DATASET EXCERPTS:
§ §

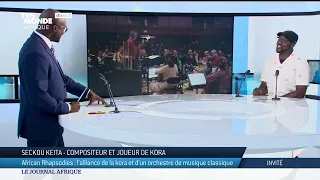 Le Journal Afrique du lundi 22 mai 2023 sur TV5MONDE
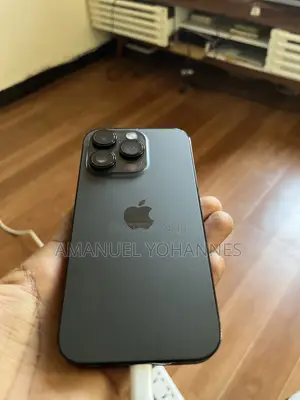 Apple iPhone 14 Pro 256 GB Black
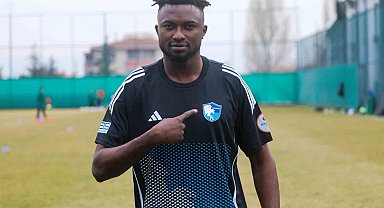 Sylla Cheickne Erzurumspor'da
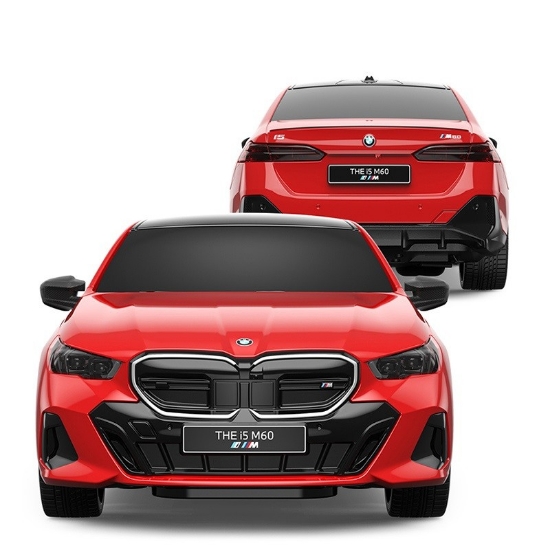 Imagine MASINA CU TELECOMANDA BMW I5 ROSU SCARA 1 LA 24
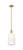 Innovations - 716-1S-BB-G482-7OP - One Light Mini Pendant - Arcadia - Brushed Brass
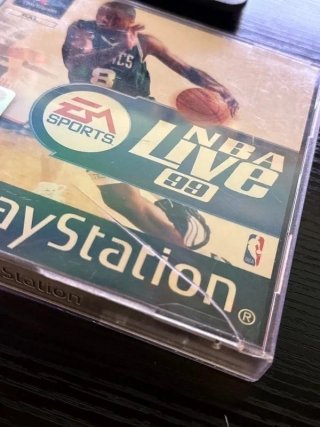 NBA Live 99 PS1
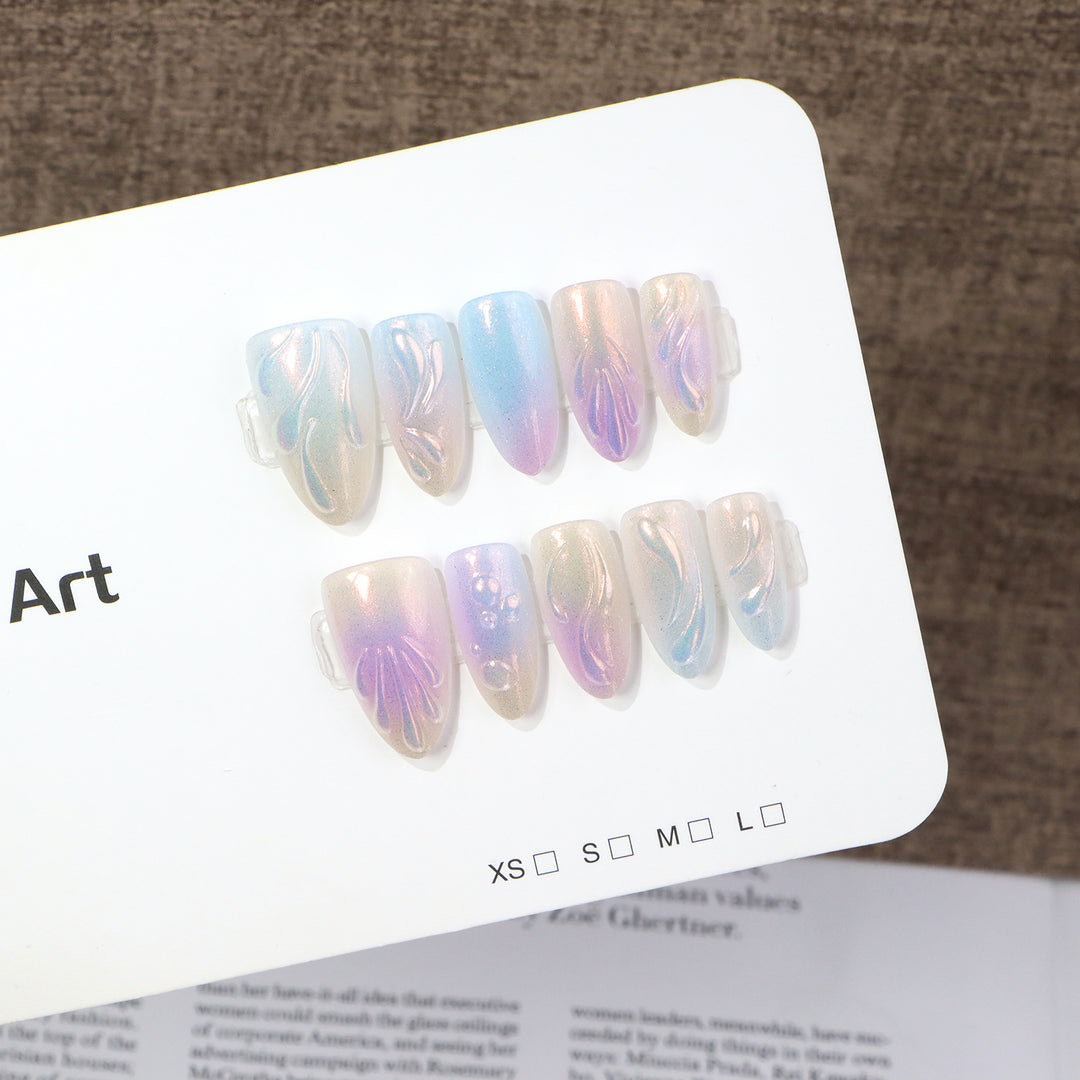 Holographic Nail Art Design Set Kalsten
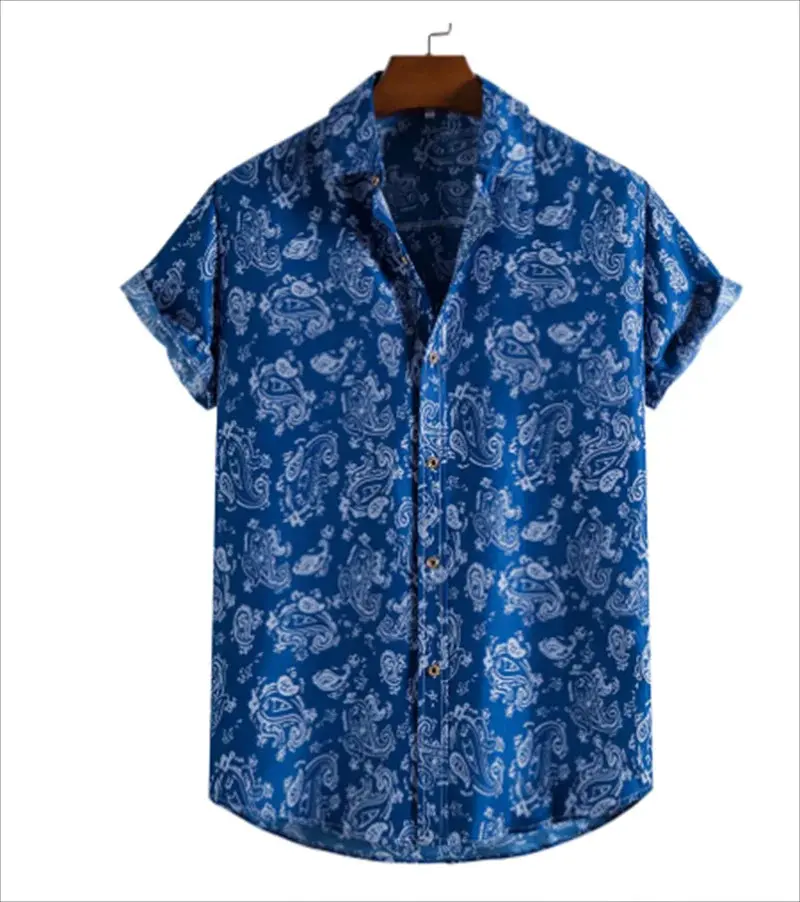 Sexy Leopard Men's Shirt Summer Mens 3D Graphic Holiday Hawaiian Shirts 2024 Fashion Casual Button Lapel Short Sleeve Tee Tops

§ §

REQUIRED WORK: From the first line to the last, write out the data above exactly. Omit the pictures.

ANSWER AREA:
 Le Journal Afrique du lundi 22 mai 2023 sur TV5MONDE
 Apple iPhone 14 Pro 256 GB Black
 Sylla Cheickne Erzurumspor'da
 Imagine MASINA CU TELECOMANDA BMW I5 ROSU SCARA 1 LA 24
 Innovations - 716-1S-BB-G482-7OP - One Light Mini Pendant - Arcadia - Brushed Brass
 NBA Live 99 PS1
 Holographic Nail Art Design Set Kalsten
 Sexy Leopard Men's Shirt Summer Mens 3D Graphic Holiday Hawaiian Shirts 2024 Fashion Casual Button Lapel Short Sleeve Tee Tops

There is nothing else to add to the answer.